The Mystical Tradition Nur

The Light That Is Already There

I must have been five or six years old. It was a summer night. Back then summers were hot, and it was completely normal to move your bedding outside and sleep under a mosquito net in the cooler air. My father and I were sitting outside together. I do not remember exactly how the conversation started, but I remember the shape of it. I kept asking him how things were made. Every answer he gave led to another question. How was that made? And then how was that made? Until we were looking up at the night sky, talking about the stars, and I kept asking who made that, and he kept answering, until at some point he ran out of answers. His last one was God. And I asked him who made God.

I do not remember his exact words. I remember the feeling. The pause before he answered. And then something like: God does not have a name. God does not have a shape. It just is. It is everywhere. Years later I came to understand that in the tradition I grew up in, God does not have a gender either, no she, no he, just this overarching presence. What I have slowly come to call, in more recent years, an energy. A ground. Something that does not have edges.

That conversation has stayed with me my whole life. Not because I understood it then. Because I did not. And somehow the not-understanding was the beginning of something.
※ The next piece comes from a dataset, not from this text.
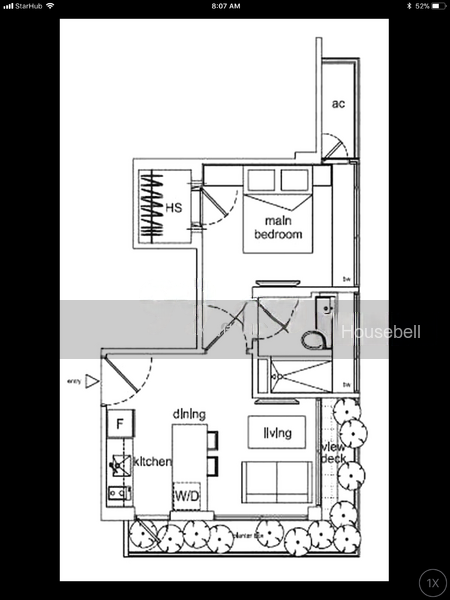 The Tier, S$ 900,000, 495 sqft, 公寓 - Condominium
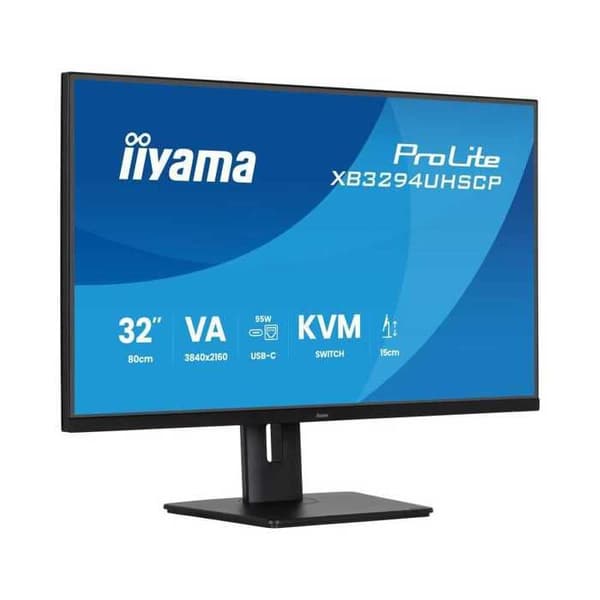 iiyama ProLite XB3294UHSCP-B1 USB-C Skärm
Many years later, I came to understand a word that had always been around me, one that felt like it was reaching toward the same thing my father could not quite name that night: Nur. It is usually translated as light, but that loses something. Nur is not the light that comes through a window. It is the light that is the ground of everything, present before there is anything to illuminate. Rumi and Hafez wrote about it not as something that arrives but as something that is already there. Growing up, their words were not literature we studied at a distance. They were in our songs, our school books, our daily conversation. I absorbed this without knowing I was absorbing it.

What has stopped me more recently is finding something that feels related in quantum physics. Physicists describe the quantum vacuum, the ground state of the universe, as not empty at all. They call what fills it zero-point energy, fluctuations of potential that exist even in the absence of matter. I am not a scientist and I am still working to understand what this actually means. But when I read it I find myself wondering: does it mean the universe is not filled with darkness, but that our eyes simply do not have the ability to see the light that is already there? I do not know if that is what physics is saying, and that is probably why I keep seeking. What I do know is that the idea of a luminous ground beneath what we can see, felt like something I had heard before. In a different language. On a summer night, from my father.

I keep finding this same idea in places with no connection to each other. The Lakota speak of Wakan Tanka, a sacred energy that permeates all things. Aboriginal Australians describe the Dreaming, a living reality running underneath ordinary life, always present. I do not know what to make of all this exactly. I am still figuring it out. But I find it worth paying attention to.

In the studio, I build layers slowly, acrylic and oil, translucent over translucent. At a certain point the painting changes. It stops reflecting light from outside and starts seeming to generate it from within. I cannot make this happen. I can only create the conditions and wait. “First Dance of Light” was named for that moment, the first time I felt it in this particular painting. Not a concept I decided to believe. Something I recognized from a long time ago.


What does it mean for something to be lit from within? I am still learning how to ask the question, let alone answer it.